▸ ACTIVITY
An exact, complete printout of the listing is wanted, minus its images.

▸ DATASET CONTENT

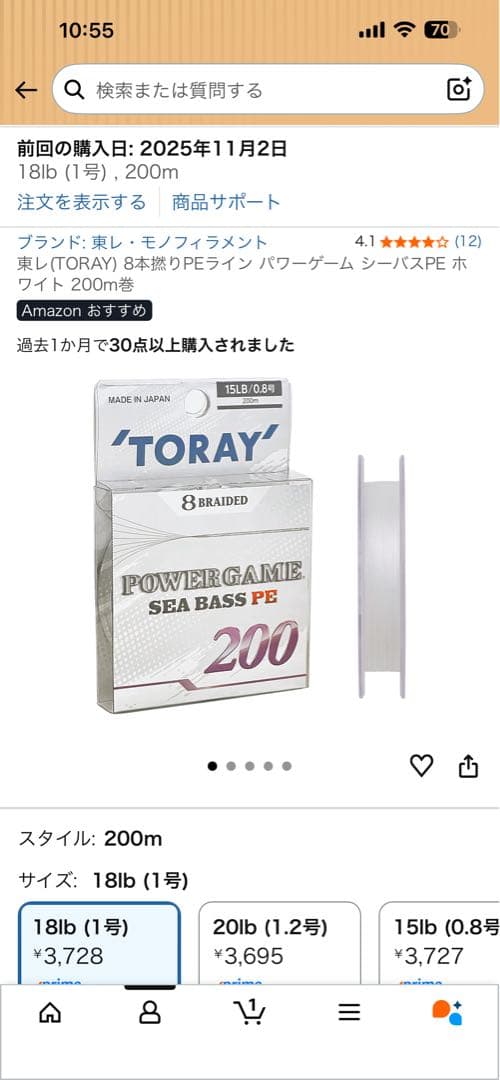 【美品】シマノ　23ヴァンキッシュC3000MHGスプール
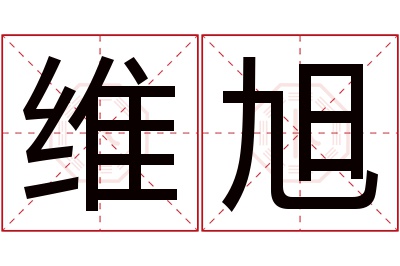 维旭名字寓意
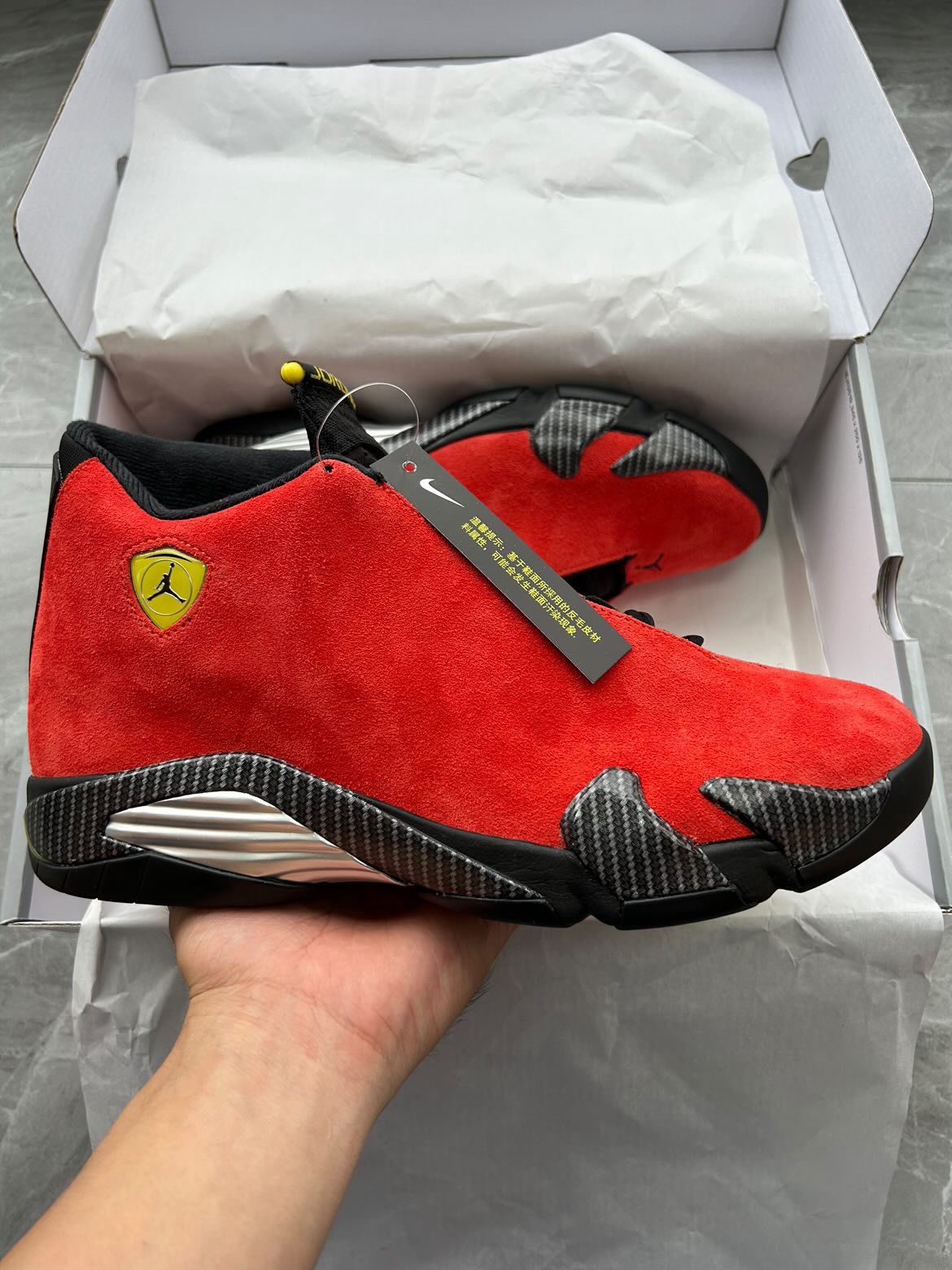 Retro Jordan Ferrari 14 Size 8 $250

▸ ANSWER TO THE EXERCISE
 【美品】シマノ　23ヴァンキッシュC3000MHGスプール
 维旭名字寓意
 Retro Jordan Ferrari 14 Size 8 $250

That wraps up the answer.